Autumn 2022 CSE490g1 Final Project: Generating with GANs

By Andy Danforth

Abstract

This project was meant to learn about and experiment with generative adversarial networks (GANs) while also producing some cool imagery. I knew early on in the quarter that I would want to work with image generation since the demos saw seemed super interesting. I actually started working on this project before we discussed them in lecture, so my first steps were simply learning about what GANs were and how they worked. I eventually settled on working with a Deep Convolutional GAN, and this was lucky since we just so happened to discuss these in lecture. Once I knew how GANs worked and had selected the model I would be working with, I explored how a my model would perform on two different domains of images: something straightforward like cat faces, and something more abstract like abstract art. I originally hypothesized that the generated results from on the straightforward dataset would be much better since the images it is learning from will be much more homogeneous. This was mostly the case, however I had issues with my abstract art dataset being too small which I will address further down.

Problem Statement

I originally wanted to perform a Pix2Pix model and run it on each frame of a video but I didn’t think I could create anything of decent quality in the little time I had, so I instead wanted to work with GANs since they are similar and a bit easier to digest. I wouldn’t say there is anything specific I’m trying to solve with this project, there are much smarter people with a lot more resources that can likely make near perfect generated images of any domain - I simply wanted to experiment with it myself. I hope to create some cool images purely with GANs!

Methodology

I mostly used a structure for a DCGAN that I found online (Linked in the sources). This structure was also nearly identical to the one shown in class. I changed the structure of the model in some preliminary experiments and couldn’t find a better performing model in my short time frame. Once I had this model, I found a few datasets off of Kaggle which I could use to train my model. From there, I adjusted some hyperparameters and simply ran the model and tracked the losses and output - which for most datasets produced good results. I had a lot of issues running on the more complicated datasets - which I will discuss more in the results section.

GAN Stuff

My goal of creating "cool" images is pretty subjective so I had a hard time quantifying my progress. Mostly, I would stop training once I thought the results looked interesting enough to me, or I would restart and change my model if I saw no progress being made. Of course I could also use the loss after each epoch for a more objective measure of progress, but I found that a lower loss didn’t completely correlate with a better output image.
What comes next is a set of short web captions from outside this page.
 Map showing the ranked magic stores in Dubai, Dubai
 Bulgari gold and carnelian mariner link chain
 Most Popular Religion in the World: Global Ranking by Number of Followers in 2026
The first dataset I trained with was a set of around 16,000 cat faces. These images are all 64x64 and pretty well cropped. The original DCGAN design worked well with human faces, so I figured I'd try it out with feline ones. Here are a few example images:

cat 1
cat 2
cat 3

First Attempt

On my first attempt, I did not change any of the hyperparameters for the model, and simply switched the dataloader to load in the cat faces. After the first 5 epochs, these were the faces my generator was creating:

cat 2

Vaugely cat-like! The eyes all appear to be in the same spot and all of the head shapes appear to be about the same. Only the colors really vary.
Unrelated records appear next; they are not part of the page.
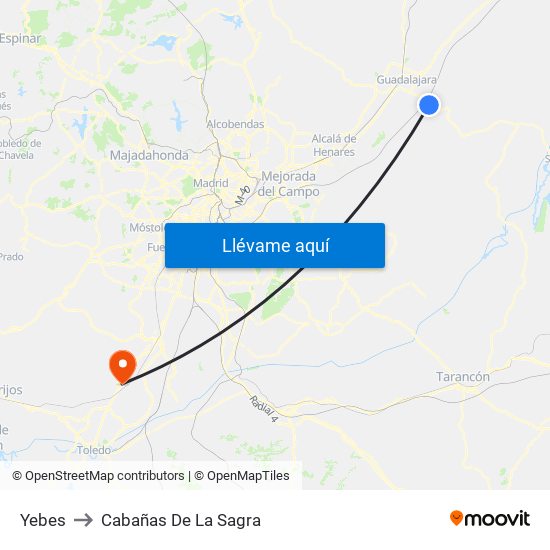 Yebes to Cabañas De La Sagra map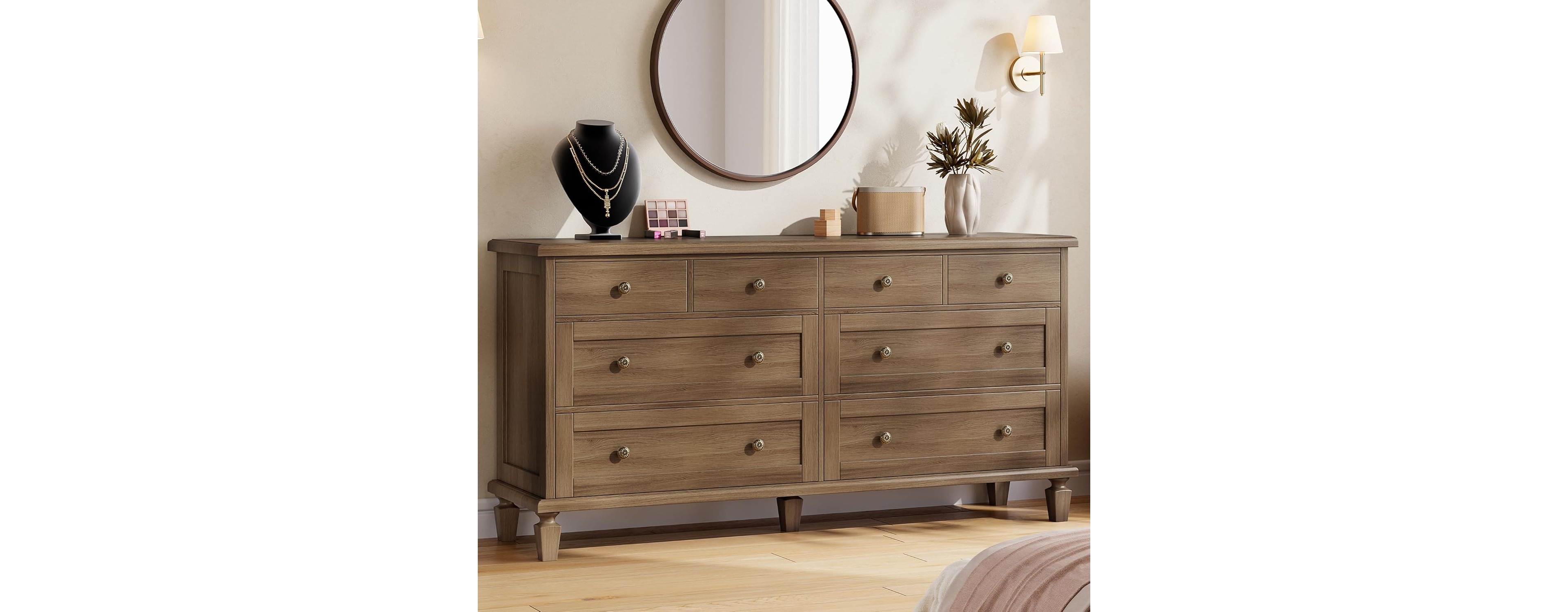 gaomon Vintage 8-Drawer Dresser with Tapered Legs, Wide Wooden Storage Chest for Bedroom, Living Room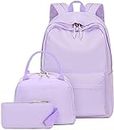 Bluboon School Backpack Set Girls Womens Laptop Bookbag Casual Daypack Fits 15 inch Laptop with Lunch Tote Bag and Pencil Bag, Provence Lavender, Daypack Backpacks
I let training run for another 10 epochs and found that the time between epochs was getting a lot shorter. I also noticed that the cat faces were not changing as much as they were at the start. For reference, here are the results before and after the first epoch:

Before 1 epoch

Before 1 epoch

After 1 epoch

After 1 epoch

Notice how much more drastically different the results are after the first epoch compared to the results from the 1st to the 5th epoch. I hypothesize that since there is less changing in the images, that there also must be a lot less back propagation after each epoch which would explain the large decrease in time between epochs.
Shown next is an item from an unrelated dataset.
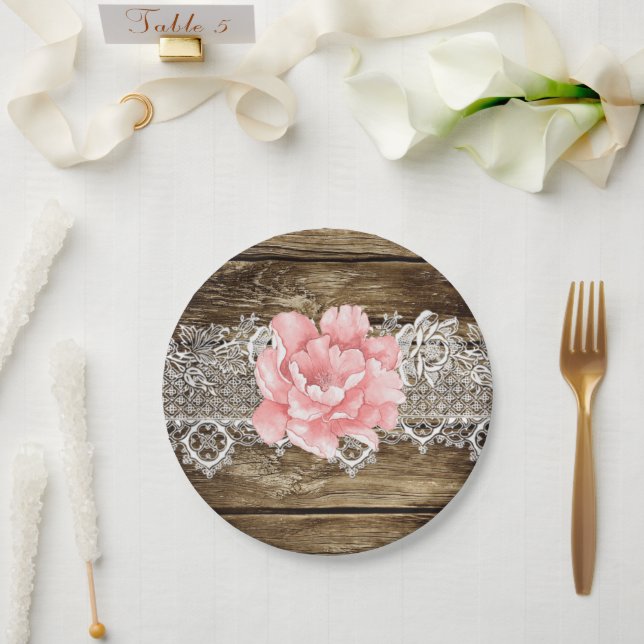 Plato De Papel Boda Rustic Barn Wood & Lace (Boda)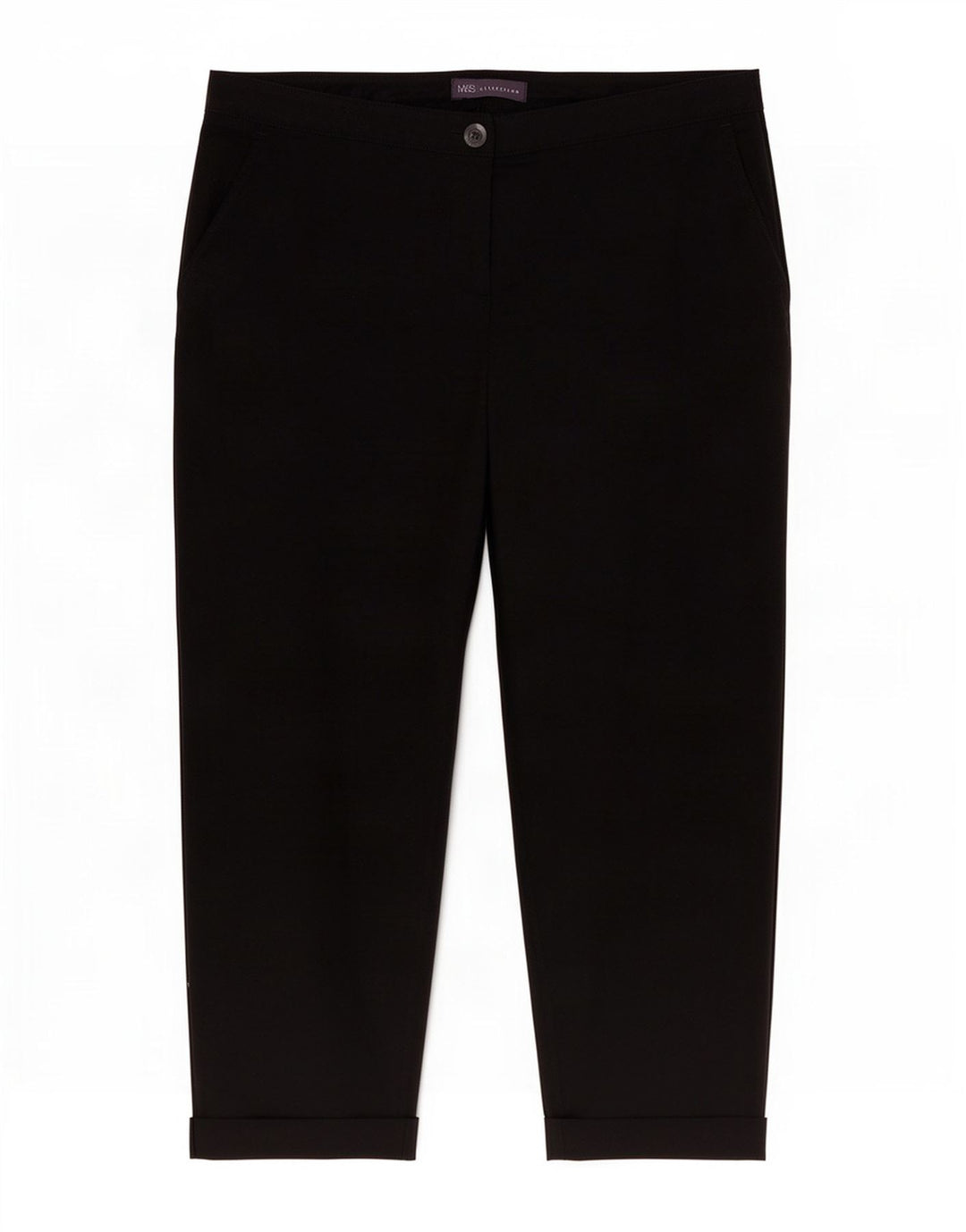 Marks & Spencer Womens Regular Capri Trousers UK 14 Large W34 L24 Black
Then I ran the GAN for another 40 epochs. Here are the results after a total of 60 training epochs:

after 60 epochs

The generated images are a lot sharper and more diverse. However, there are still a few images with clear artifacts, like the cat in the first row and sixth column.

And here are the discriminator and generator loss curves across these epochs:

loss 60 epochs

I was using Adam as my optimizer, so its stochastic nature would explain the seemingly random spikes in loss.

Adding Annealing

I ran my model more and my results didn't seem to be getting much better, so I decided to simulate annealing in an attempt to manually lower the learning rate. I just decreased the discriminator 's and generator's optimizer's learning rate by a factor of 10.

Here is the resulting loss curve after 10 annealed epochs:

Anneal loss

Since we decreased the learning rate by a large factor, the variance in our loss decreased as shown in the much tighter results. However, I noticed the generators loss was actually trending UPWARDS? We'll look at that more later. In the mean time, here are the annealed cat results after 10 and 20 annealed epochs:

10 annealed epochs

10 annealed epochs

20 annealed epochs

20 annealed epochs

As you can see, after adding annealing, there was a drastic change from the non annealed model, which I think increased the quality of cats produced, but then very little change occured after the fact. There ARE differences between these images, it's not just duplicated :).

Can you guess which of these images was generated and which was real?

Click to reveal! The cat on the left is fake!!!!

Abstract Art - First Dataset

I felt pretty happy with the cat model, and so I tried to think of a new type of image I could generate. I settled on abstract art since I felt it would be an entirely different kind of image. The cat faces were all very similar poses, and shapes and colors, no two abstract art pieces were the same. I found a dataset of abstract art pieces on Kaggle, but there were only around 2.7k and they were all very different sizes. Here are a few examples:

abs art 1 1
abs art 1 2
abs art 1 3

As you can see, they are all different shapes, sizes, resolutions, have different colors, etc. The dataloader automatically resizes and crops images, but because this dataset is so small, I was afraid my results would suffer.... They did

Here are some wonderful results after many epochs over the data!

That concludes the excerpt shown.